Project 211

Infrastructure spending spree, price reforms urged

PUBLISHED : Friday, 31 October, 2008, 12:00am
UPDATED : Friday, 31 October, 2008, 12:00am

The mainland should roll out a 'New Deal'-style programme of infrastructure spending in response to the global financial crisis, but domestic economic pain is likely to be compounded by the pricing policy missteps of recent years, a panel of experts said yesterday.

'For China, this is a chance to do what it could not do in the past, when massive infrastructure spending was needed but it was unable to [carry this out] because of rising oil and materials prices,' said Xiao Geng, the director of the Brookings-Tsinghua Centre for Public Policy in Beijing.

'All policy [responses] put on the table to date are negligible and amount to less than 1 per cent of [gross domestic product] ... This is really the time for China to think about the kind of package the US put together during the New Deal,' Mr Xiao said yesterday at a conference organised by the South China Morning Post and the faculty of business and economics at the University of Hong Kong.

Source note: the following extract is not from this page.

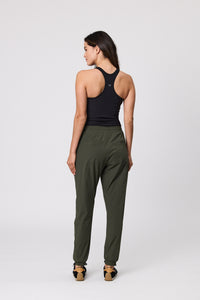 MARLOW TRAVEL PANT OLIVE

While panellists agreed that infrastructure spending would likely help prop up the mainland economy, views differed over the quality of growth that would result and the depth of the impact that would come from the global credit crisis.

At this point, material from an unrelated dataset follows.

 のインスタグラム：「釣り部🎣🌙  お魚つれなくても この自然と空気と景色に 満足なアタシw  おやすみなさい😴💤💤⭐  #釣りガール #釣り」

A number of 'policy missteps' in recent years were likely to compound the effects of the slowdown, Citi Asia-Pacific managing director and head of China country research Xue Lan said.

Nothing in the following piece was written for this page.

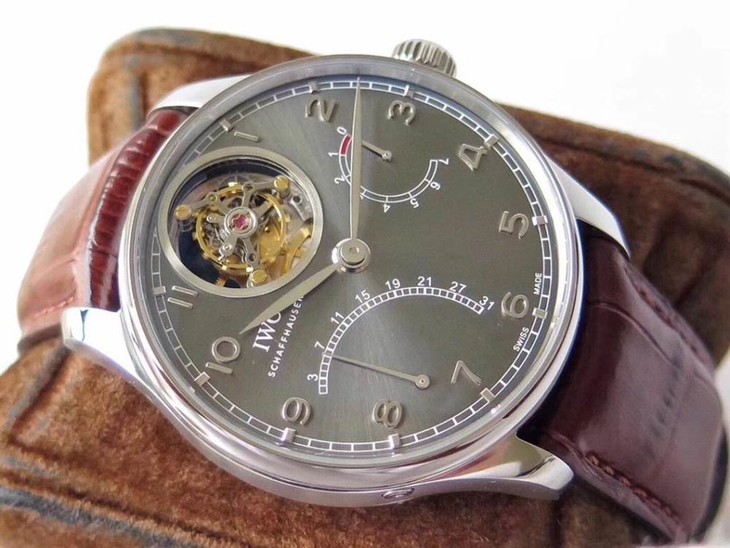 ZF厂万国葡萄牙逆跳陀飞轮最强复刻表详细评测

'China overgrew its potential in the last few years,' Ms Xue said, citing mis-pricing of energy and utilities by state economic planners.

Chew Ping, Standard & Poor's managing director and head of Greater China, said pricing reform was also a key imperative for the development of the mainland's financial industry.

'Prices still have some way to go to reflect true costs,' he said. 'Can banks charge correctly on loans? They must charge according to policy but does this accurately price in risk?'

Mr Xiao agreed that 'prices for capital were not adequately set' and said this was to blame for the mainland's stock and property market bubbles that were now in the process of deflating.